Look through the data below for the line with "Pair Of Oriental" and the line with "Philips Sonicare 6500", then transcribe exactly from the first through the second, leaving out all pictures.

* _Input for this task_
···

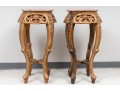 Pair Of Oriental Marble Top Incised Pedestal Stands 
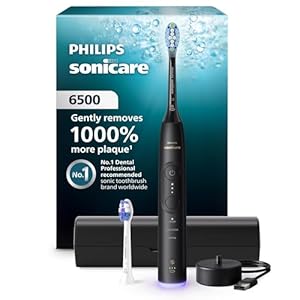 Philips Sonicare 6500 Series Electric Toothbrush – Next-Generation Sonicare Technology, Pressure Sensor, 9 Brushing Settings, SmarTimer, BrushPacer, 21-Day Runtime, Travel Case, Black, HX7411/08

···

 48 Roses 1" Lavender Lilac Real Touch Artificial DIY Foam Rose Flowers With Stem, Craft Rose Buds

···

* _Answer space_
 Pair Of Oriental Marble Top Incised Pedestal Stands 
 Philips Sonicare 6500 Series Electric Toothbrush – Next-Generation Sonicare Technology, Pressure Sensor, 9 Brushing Settings, SmarTimer, BrushPacer, 21-Day Runtime, Travel Case, Black, HX7411/08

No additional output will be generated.